═══ Supplied records ═══

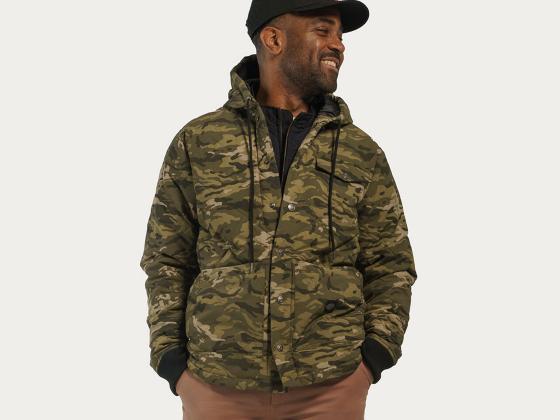 Men's Forever Harley Camo Jacket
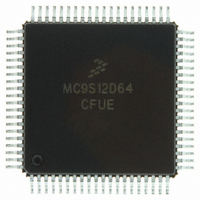 IC MCU 64K FLASH 25MHZ 80-QFP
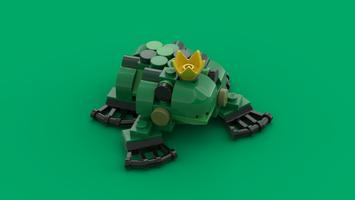 Набор LEGO MOC-163291 Frog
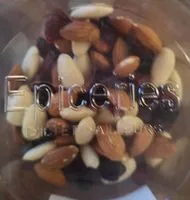 Mängden socker i Mélange sportif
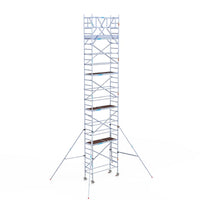 Rolsteiger Original 75x190 10,2m werkhoogte carbon vloer vrijstaand
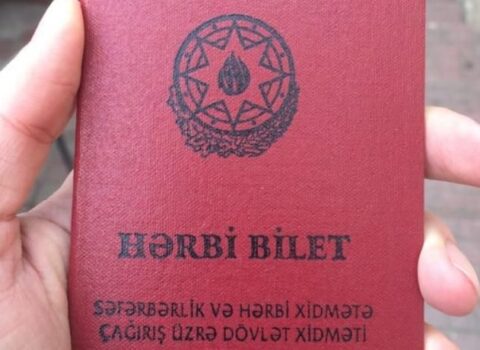 Hərbi biletlərlə bağlı əhaliyə VACİB XƏBƏR: “Reallaşmadı”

═══

Aim of the task: Could you write out every record exactly, leaving the pictures out?

Response for this exercise:
 Men's Forever Harley Camo Jacket
 IC MCU 64K FLASH 25MHZ 80-QFP
 Набор LEGO MOC-163291 Frog
 Mängden socker i Mélange sportif
 Rolsteiger Original 75x190 10,2m werkhoogte carbon vloer vrijstaand
 Hərbi biletlərlə bağlı əhaliyə VACİB XƏBƏR: “Reallaşmadı”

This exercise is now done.